= Work item =
In the entries that follow, find the line containing "नगरीय प्रशासन विभाग" and the line containing "Be More Quokka", then copy exactly everything from the first through the second except the pictures.

= Extracted entries =
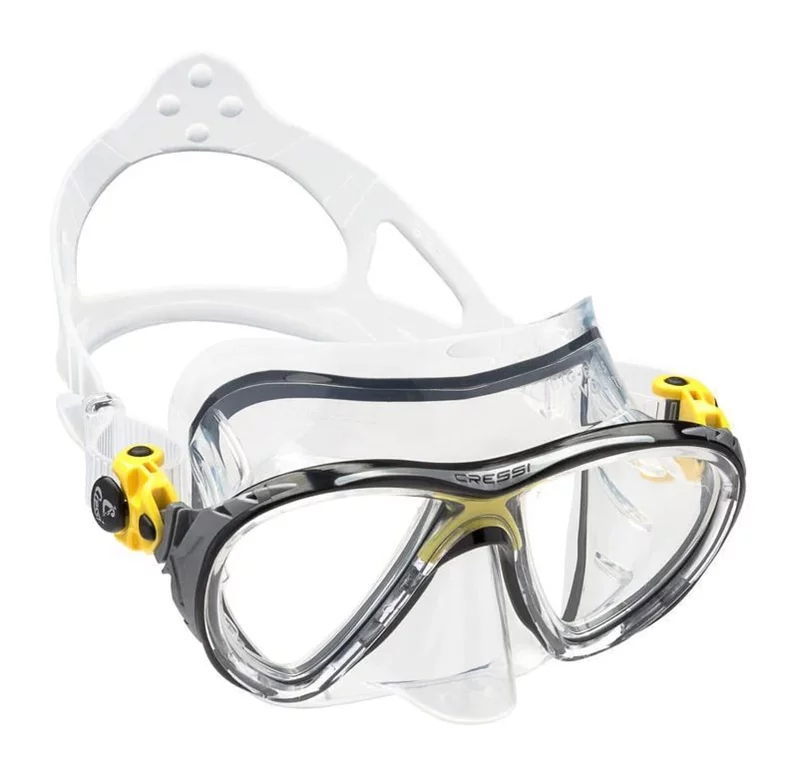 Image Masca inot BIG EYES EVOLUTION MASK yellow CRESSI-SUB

...

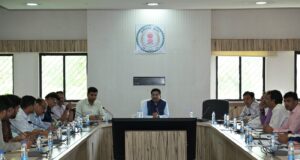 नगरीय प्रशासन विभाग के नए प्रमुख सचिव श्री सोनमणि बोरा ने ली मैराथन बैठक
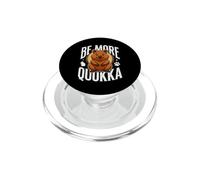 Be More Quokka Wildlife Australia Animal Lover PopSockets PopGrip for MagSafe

= Solution =
 नगरीय प्रशासन विभाग के नए प्रमुख सचिव श्री सोनमणि बोरा ने ली मैराथन बैठक
 Be More Quokka Wildlife Australia Animal Lover PopSockets PopGrip for MagSafe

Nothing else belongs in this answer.